La verità è che Biden non riesce mai a trovare una linea d’equilibrio accettabile, una linea mediana tra il comprensibile sostegno dovuto all’alleato di sempre (Israele), e la necessità di salvare almeno i rudimenti del diritto internazionale, se non di quello umanitario, che a Gaza vengono quotidianamente calpestati.
Israele dopo il ‘gelo’ ucraino
Ora, dopo due anni di ‘gelo’ per la crisi ucraina, il pianeta non è in condizione di sostenere il peso geopolitico, che poi significa soprattutto economico, finanziario e commerciale, di un’altra crisi dirompente, come quella mediorientale. Si dovrebbe gettare acqua sul fuoco, ma Biden non ci riesce. E adesso, ci sono buone probabilità che con il suo approccio (documentato dai voti alle Nazioni Unite) prenda di petto anche l’Iran. Il Wall Street Journal fa la conta di un veloce riarmo americano in tutto il Medio Oriente. Una mossa che, secondo il Dipartimento di Stato e il Pentagono dovrebbe ricordare a tutti ‘chi comanda’ nell’era della unipolarità.
La potenza militare Usa schierata
Dunque, le cifre e i nomi che snocciola la stampa americana fanno impressione: due portaerei d’attacco (la Gerald Ford e la Dwight Eisenhower), una sfilza di incrociatori e caccia lanciamissili (Normandy, Carney, Ramage, Roosevelt, Hudner, Mar delle Filippine, Gravely, Mason), e la nave d’assalto anfibio Bataan. Per la verità, l’articolo inserisce, in bella evidenza, nella scheda di presentazione, anche la fregata lanciamissili italiana ‘Fasan’, come facente parte integrante della squadra d’attacco della portaerei Eisenhower. Qualcosa che dovrà essere spiegato da Roma.
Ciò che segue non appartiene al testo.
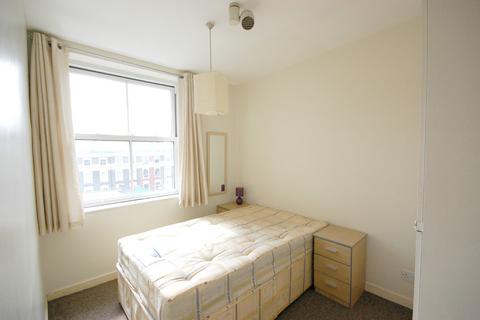 2 bedroom flat to rent, Talbot Square, London W2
In ogni caso, il formidabile e improvviso schieramento americano nella regione, rischia di suscitare una reazione a catena, dagli esiti difficilmente prevedibili e gestibili.
«Questo rapido accumulo di forze militari Usa -conclude preoccupato il quotidiano economico statunitense- inteso a dissuadere Hezbollah dall’entrare nella lotta e a proteggere il personale e gli interessi americani, potrebbe trascinare Washington in un conflitto regionale più ampio, contro le milizie iraniane». E, a quel punto, ci permettiamo di dire, basterebbe solo un missile ‘sbagliato’, o forse manco quello, per trasformare un conflitto d’area in una Guerra santa. La peggiore di tutte.